"Since January, the Trump Administration has threatened the federal funding of hundreds of universities, in a campaign that is ostensibly about enforcing civil-rights laws, particularly regarding antisemitism on campus, race in admissions decisions, D.E.I., and transgender athletes. Columbia, Brown, and the University of Pennsylvania have made deals with the Administration to restore their funding, and other universities have conformed to what the Administration seems to want in order to avoid becoming targets themselves."

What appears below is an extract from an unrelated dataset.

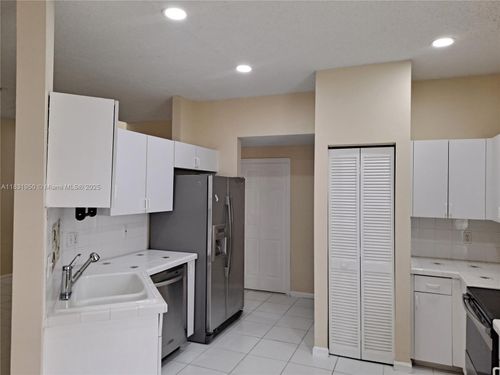 160 Nw 97th Ter, Coral Springs, FL, 33071-4909 | Card Image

"But Harvard-with its outsized brand, its unrivalled endowment of fifty-three billion dollars, and its researchers' large share of federal grant awards-is the big game in the Trump Administration's pursuit of submission. And, perhaps for that reason, it has been the only university to sue the Administration. But Harvard's fight has come to represent much more than saving its own skin: the university is attempting to assert the value of higher education to our democratic society."
A federal judge ruled in Harvard's favor against the Trump Administration's decision to freeze and terminate nearly $2.2 billion in federal grants. The administration has threatened funding for hundreds of universities under the banner of enforcing civil-rights laws on antisemitism, race in admissions, D.E.I., and transgender athletes. Several universities negotiated to restore funding or altered behavior to avoid scrutiny, while Harvard uniquely sued. Harvard's financial scale and research footprint make it a central target. The case invokes Title VI and raises questions about administrative power, academic independence, and the broader value of higher education to democratic society.